Mallika Joseph | Visiting Fellow

Mallika Joseph is Visiting Fellow at CPR. Being part of the international relations and security team, her focus is on security sector, human security, conflict prevention and peacebuilding, regional architectures and global governance. She currently serves as Policy Adviser and Asia Pacific Regional Coordinator at The Hague based Global Partnership for the Prevention of Armed Conflict (GPPAC). She is a Senior Fellow at Women in Security, Conflict Management and Peace (WISCOMP).

Prior to joining GPPAC in January 2018, she was Professor and Head at the Department of National Security Studies, Central University of Jammu, Jammu and Kashmir. Earlier, she was the Executive Director of the Regional Centre for Strategic Studies (RCSS), Sri Lanka, from January 2012 until December 2014, and before that was the Director of the New Delhi based Institute of Peace and Conflict Studies (IPCS). She also served as the Deputy Director at the Australia India Institute @Delhi, a subsidiary of the University of Melbourne, Australia in 2015-2016.

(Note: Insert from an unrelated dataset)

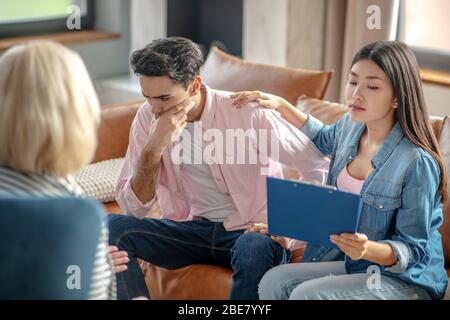 Sottolineato. Uomo alto dai capelli scuri seduto accanto alla sua ragazza guardando stressato Foto Stock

Mallika specializes on security sector reform (SSR) and is one of the 24 experts selected worldwide and inducted into the UN Roster of SSR Experts in 2009;  she is one of the two experts from Asia to have made it to the UN Roster in 2009. Between  January and September 2011, she was with the Geneva- based International Security Sector  Advisory Team (ISSAT) of the Democratic Control of Armed Forces (DCAF) designing, planning  and delivering courses on SSR to senior practitioners. Earlier in 2006  and 2007, she was part of the five member high-level technical team from UK to Guyana that  offered assistance in SSR programming in the country. 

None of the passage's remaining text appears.